Luanda - "...não me oponho a qualquer alteração administrativa (...) desde que as contrapartidas sejam também benéficas para a população em geral e não somente para defender os interesses económicos de alguns." Desabafou o general Manuel  Carvalho Pacavira, em carta aberta divulgada no "Semanário Angolense".

 

"O que nós mais queremos é o desenvolvimento genuíno das nossas terras. Em vez do retrocesso queremos emprego, habitação condigna, desenvolvimento económico, escolas, hospitais". Lê-se ainda na referida carta de repudia que repassamos sem censura a seguir:


Fonte: Semanário Angolense & Club-k.net

Carta aberta ao Chefe do Executivo de Angola


Excelentíssimo
Senhor Presidente da República,

Correndo o risco de esta missiva não chegar as vossas mãos, tomamos a liberdade de a remeter, para divulgação, ao maior número possível de órgãos de comunicação no nosso país, fazendo-a também circular via Internet para repudiar mais uma atitude menos correcta do executivo liderado por V.Exa.

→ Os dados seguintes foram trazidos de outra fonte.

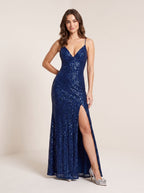 Navy Blue Sequin A-Line V-Neck Backless Floor-Length Dress with Pleated Bodice and High Slit - Curvevia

Fomos recentemente surpreendidos com a informação tornada pública por via do Ministério da Administração do Território (MAT), na pessoa do seu titular, quanto às intenções do executivo de reestruturar os limites geográfico da província do Bengo.


Como cidadão deste país e munícipe de Icolo e Bengo não me oponho a qualquer alteração administrativa que possa ocorrer em todo território nacional desde que as contrapartidas sejam também benéficas para a população em geral e não somente para defender os interesses económicos de alguns.


Sr. Presidente, Qualquer alteração administrativa não mexe apenas com a terra; tem outras implicações: envolve pessoas, hábitos, costumes, etc. Qualquer pessoa de bom senso teria no mínimo consultada genuinamente os povos desta região antes de pretender tomar qualquer decisão em seu nome.


Mais ainda, não se coaduna com algumas das suas orientações dos últimos tempos, recordo-me, à título de exemplo, de dois trechos do seu discurso à nação aquando do empossamento do Governo de Angola saído das eleições de 2008 (Outubro 2008), que passo a citar:
«A discussão de alguns assuntos com os cidadãos destinatários da nossa acção e com organizações da sociedade civil e ainda o diálogo e a concertação regulares com os parceiros sociais (empregadores e centrais sindicais) são vias que garantem uma participação organizada no tratamento das questões e reforçam a compreensão e a estabilidade política.» «...O combate à fome e a à pobreza é uma prioridade de primeira linha...»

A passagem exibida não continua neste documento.